Unable to restart elasticsearch

Hi,

I'm using elasticsearch in a multi-node cluster.

Here's the configuration file (elasticsearch.yml) from one of the two elasticsearch log master nodes (in the cluster I have also 6 elasticsearch log nodes):

# Network
network:
  host: 0.0.0.0
  publish_host: c4t19154.xxx.xxx
http.port: 9200

# Cluster / node name
cluster.name: "es-sa20-xxx-log-hdp-itg-h4"
node.name: "c4t19154.xxx.xxx"

# Node role
node.master: True
node.data: False

# Discovery
discovery.seed_hosts: ['c4t19156.xxx.xxx:9300', 'c4t19154.xxx.xxx:9300', 'c4t19145.xxx.xxx:9300', 'c4t19147.xxx.xxx:9300', 'c4t19867.xxx.xxx:9300', 'c4t19149.xxx.xxx:9300', 'c4t19150.xxx.xxx:9300', 'hc9t09679.xxx.xxx:9300']
cluster.initial_master_nodes: ['c4t19156.xxx.xxx', 'c4t19154.xxx.xxx']

# Memory - Performance
bootstrap.memory_lock: true

# Monitoring
xpack.monitoring.collection.enabled: true
xpack.monitoring.exporters:
  csa_monitoring:
    type: http
    host: ['https://c9t24539.xxx.xxx:9200', 'https://c9t24540.xxx.xxx:9200', 'https://c9t24541.xxx.xxx:9200']
    auth:
      username: "elastic"
      password: "changeme"
    ssl:
      certificate_authorities: [ "/usr/share/elasticsearch/config/XXX_ENT_Private_SSL_CA_bundle.crt" ]

# Security
xpack.security.enabled: true
xpack.security.audit.enabled: false

# TLS/SSL
xpack.security.transport.ssl.enabled: true
xpack.security.transport.ssl.verification_mode: certificate
xpack.security.transport.ssl.key: "/usr/share/elasticsearch/config/sa-monitoring-itg-h4.xxx.xxx.key"
xpack.security.transport.ssl.certificate: "/usr/share/elasticsearch/config/sa-monitoring-itg-h4.xxx.xxx.crt"
xpack.security.transport.ssl.certificate_authorities: [ "/usr/share/elasticsearch/config/XXX_ENT_Private_SSL_CA_bundle.crt" ]

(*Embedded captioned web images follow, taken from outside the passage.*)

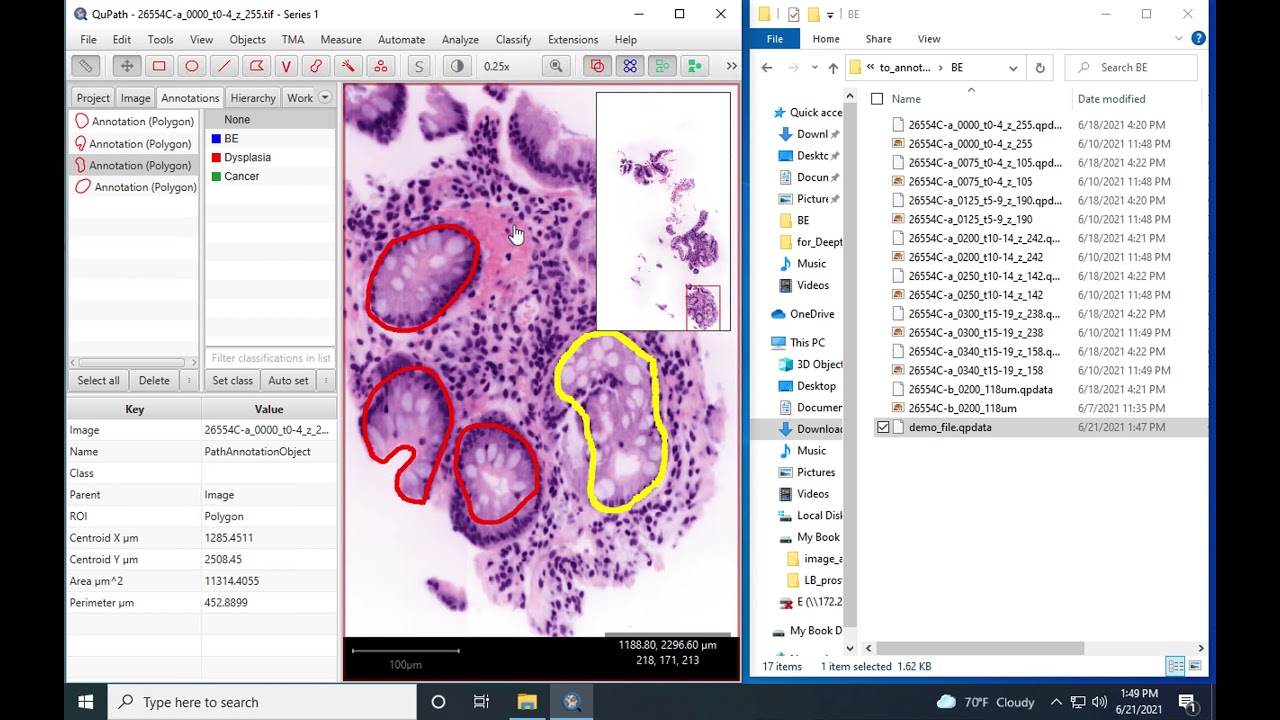 Making and saving multiple annotations in QuPath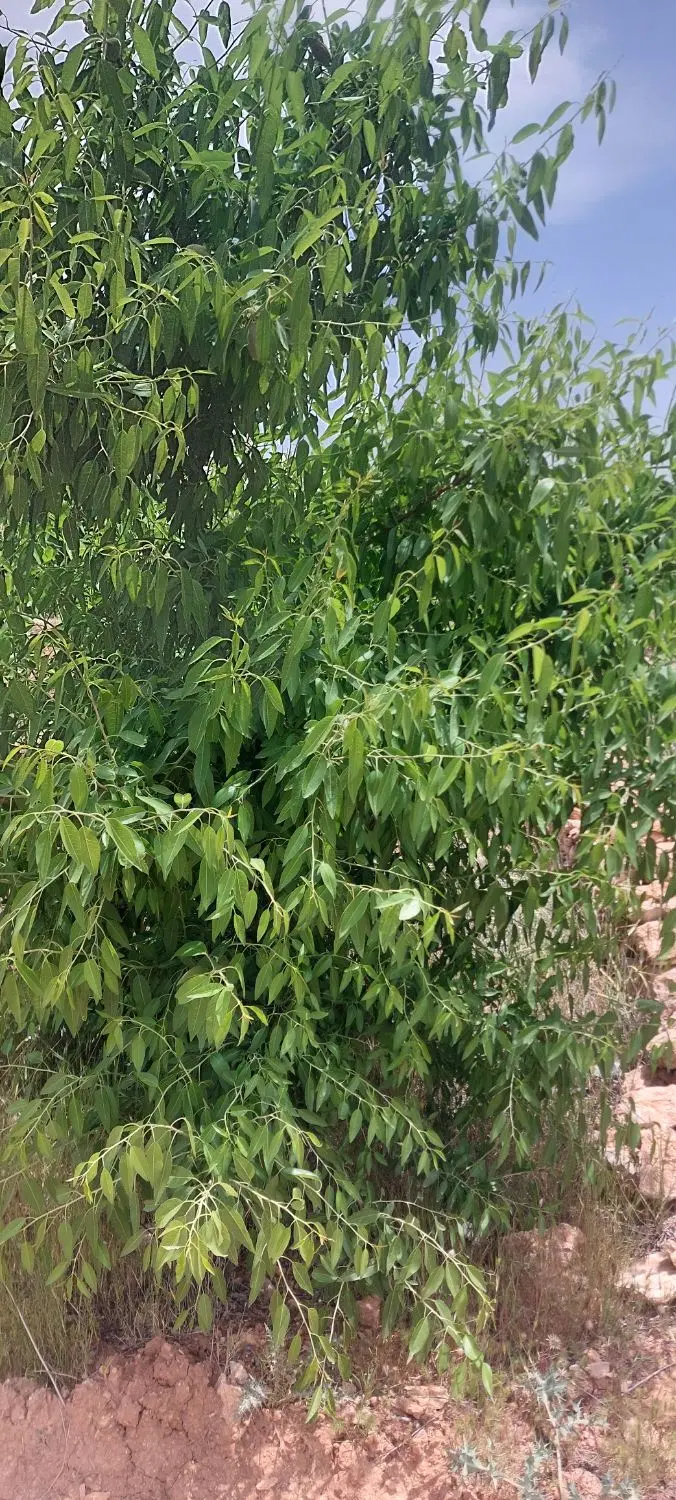 فروش یا معاوضه با خودرو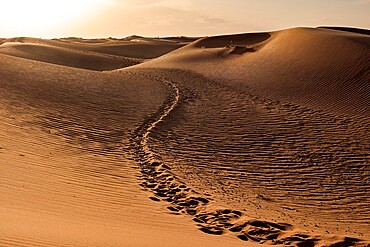 Footsteps trail path between the sand dunes of Sahara Desert, Merzouga, Morocco, North Africa, Africa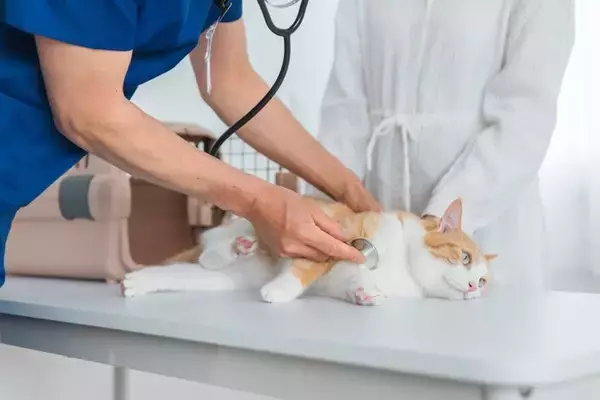 猫を『動物病院』に連れて行くタイミング4つ　定期的に行くべき理由やメリットも解説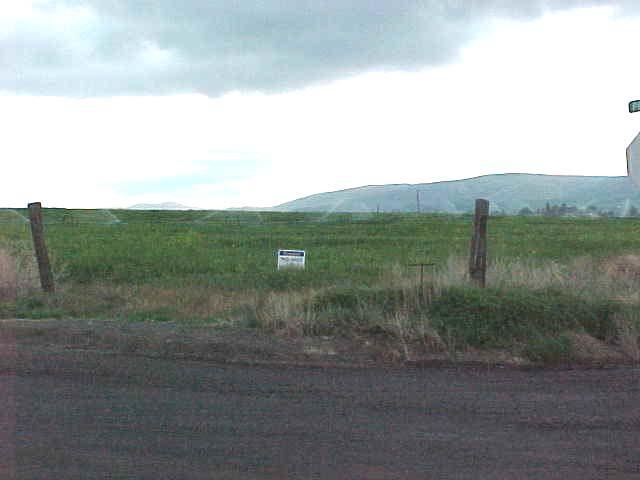 a view of a field with an ocean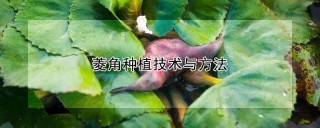 菱角种植技术与方法,第1图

xpack.security.http.ssl.enabled: true
xpack.security.http.ssl.key: "/usr/share/elasticsearch/config/sa-monitoring-itg-h4.xxx.xxx.key"
xpack.security.http.ssl.certificate: "/usr/share/elasticsearch/config/sa-monitoring-itg-h4.xxx.xxx.crt"
xpack.security.http.ssl.certificate_authorities: [ "/usr/share/elasticsearch/config/XXX_ENT_Private_SSL_CA_bundle.crt" ]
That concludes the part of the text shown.